Argued April 22, 1998 Decided June 26, 1998
- Full case name: Burlington Industries, Inc. v. Ellerth
- Citations: 524 U.S. 742 (more) 118 S. Ct. 2257; 141 L. Ed. 2d 633
- Argument: Oral argument

Case history
- Prior: Summary judgment granted, Ellerth v. Burlington Industries, Inc., 912 F. Supp. 1101 (N.D. Ill. 1996); reversed sub. nom., Jansen v. Packaging Corp. of Am., 123 F.3d 490 (7th Cir. 1996); cert. granted, 522 U.S. 1086 (1998).
- Subsequent: On remand, Ellerth v. Burlington Indus., Inc., 165 F.3d 31 (7th Cir. 1998).

Holding
- An employer is subject to vicarious liability to a victimized employee for an actionable hostile environment created by a supervisor with immediate (or higher) authority over the employee, subject to an affirmative defense when no tangible employment action is taken.

Court membership
- Chief Justice William Rehnquist Associate Justices John P. Stevens · Sandra Day O'Connor Antonin Scalia · Anthony Kennedy David Souter · Clarence Thomas Ruth Bader Ginsburg · Stephen Breyer

Case opinions
- Majority: Kennedy, joined by Rehnquist, Stevens, O'Connor, Souter, Breyer
- Concurrence: Ginsburg
- Dissent: Thomas, joined by Scalia

Laws applied
- Title VII of the Civil Rights Act of 1964

= Burlington Industries, Inc. v. Ellerth =

Burlington Industries, Inc. v. Ellerth, 524 U.S. 742 (1998), is a landmark employment law case of the United States Supreme Court holding that employers are liable if supervisors create a hostile work environment for employees. Ellerth also introduced a two-part affirmative defense allowing employers to avoid sex discrimination liability if they follow best practices. Ellerth is often considered alongside Faragher.

==Facts==
Kimberly Ellerth, a female employee at Burlington Industries, sued the company for sexual harassment on the part of her male supervisor. She alleged the vice president of sales made offensive remarks and unwanted overtures. She identified three episodes involving threats to deny tangible job benefits unless sexual favors were granted. She alleged a violation of title VII of the Civil Rights Act of 1964. The lower court dismissed her claim, noting that she had suffered no actual negative job consequences. The Seventh Circuit Court of Appeals reversed the lower court decision, but issued 8 separate opinions.
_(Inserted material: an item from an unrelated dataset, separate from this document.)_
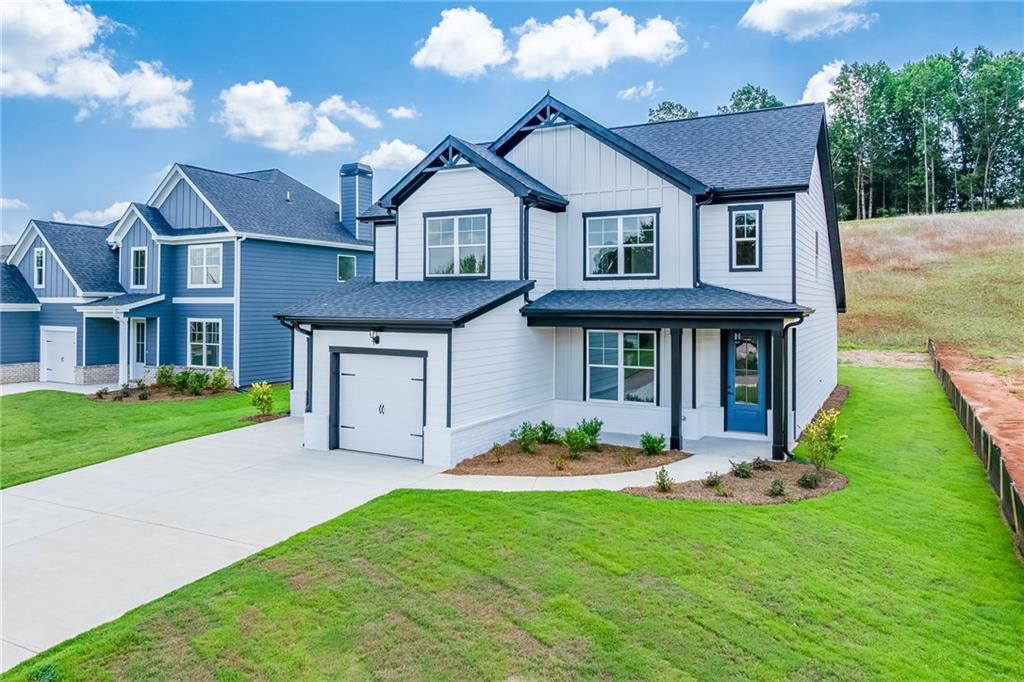 114 Classic Overlook Homer, GA 30547 - Photo 3 of 39 a front view of a house with a yard and garage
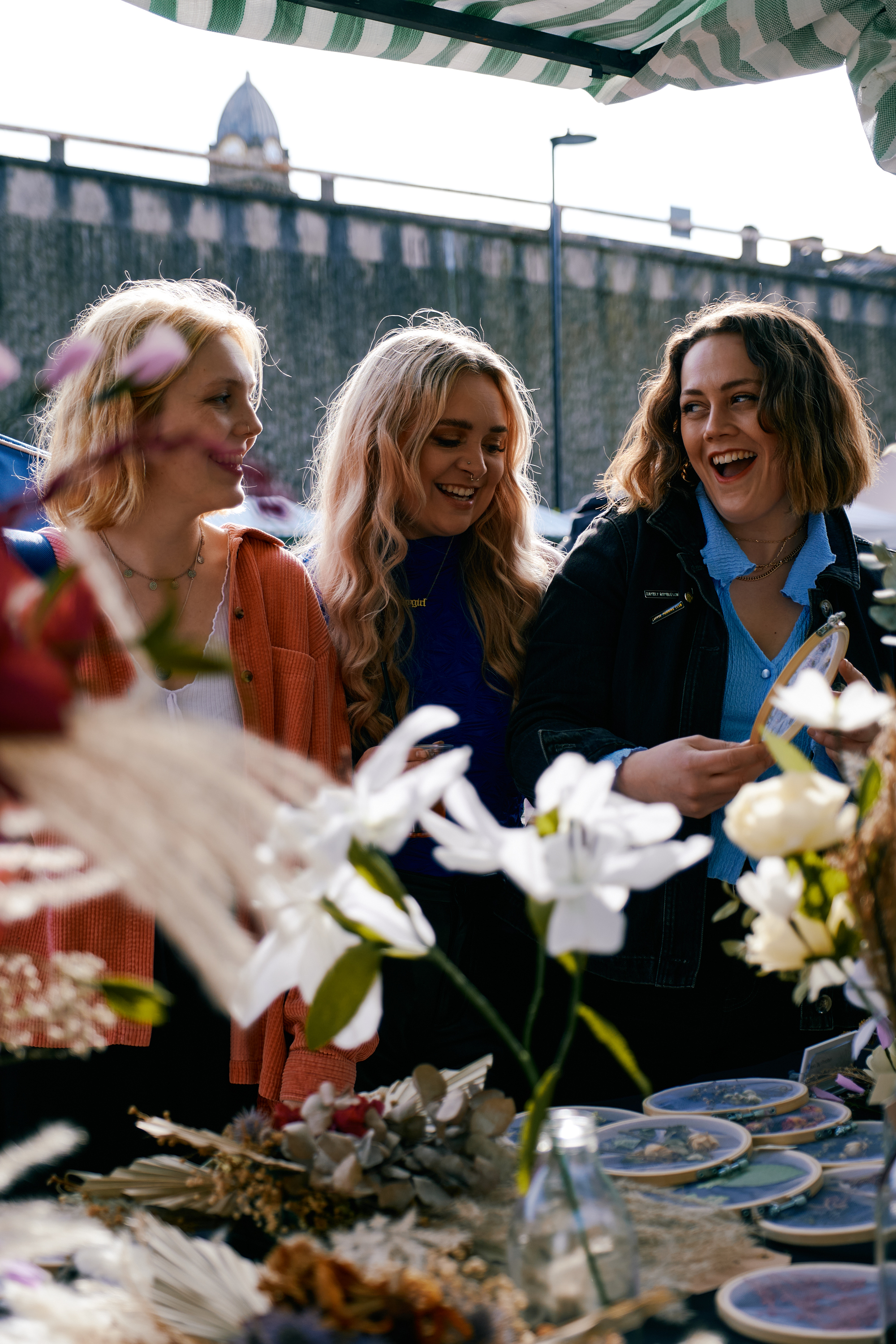 Three women looking through the goods on display on a stall at an outdoor market.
David Benjamin Oppenheimer served as counsel for amicus curiae National Employment Lawyers Association in the U.S. Supreme Court.

==Burlington Industries defense==
Ellerth is most referenced for its two-part affirmative defense for supervisor sexual harassment. In the case, a supervisor is defined by the ability to take a Tangible Employment Action. A Tangible Employment Action makes the company vicariously liable because the agency relationship was used to take the action. In alleged sex discrimination cases without a Tangible Employment Action, employers may prove that:

1. the employer exercised reasonable care to prevent and correct promptly any sexually harassing behavior, and that
2. the employee unreasonably failed to take advantage of any preventative or corrective opportunities provided by the employer or to avoid harm otherwise.

Generally, having an effective sexual harassment policy that is used and works is sufficient to satisfy the first prong. Further cases (see EEOC v. Racine) examine whether an employee's failure to take advantage of the policy was unreasonable, but Ellerth holds that when the policy requires reporting to a harasser, it is not unreasonable to fail to do so. (Ellerth would have been required to report to her harasser.)

==Judgment==
In a 7–2 decision, the Supreme Court ruled in her favor. Justice Anthony Kennedy said that Congress had left it to the courts to determine the controlling principles. This majority ruling was summarized as follows:

Under Title VII, an employee who refuses the unwelcome and threatening sexual advances of a supervisor, yet suffers no adverse, tangible job consequences, may recover against the employer without showing the employer is negligent or otherwise at fault for the supervisor's actions, but the employer may interpose an affirmative defense.

Justice Kennedy wrote the majority opinion, joined by Chief Justice Rehnquist, Justice Stevens, Justice O'Connor, Justice Souter, and Justice Breyer. Justice Ginsburg wrote a concurring opinion.

Justice Thomas wrote a dissenting opinion, joined by Justice Scalia.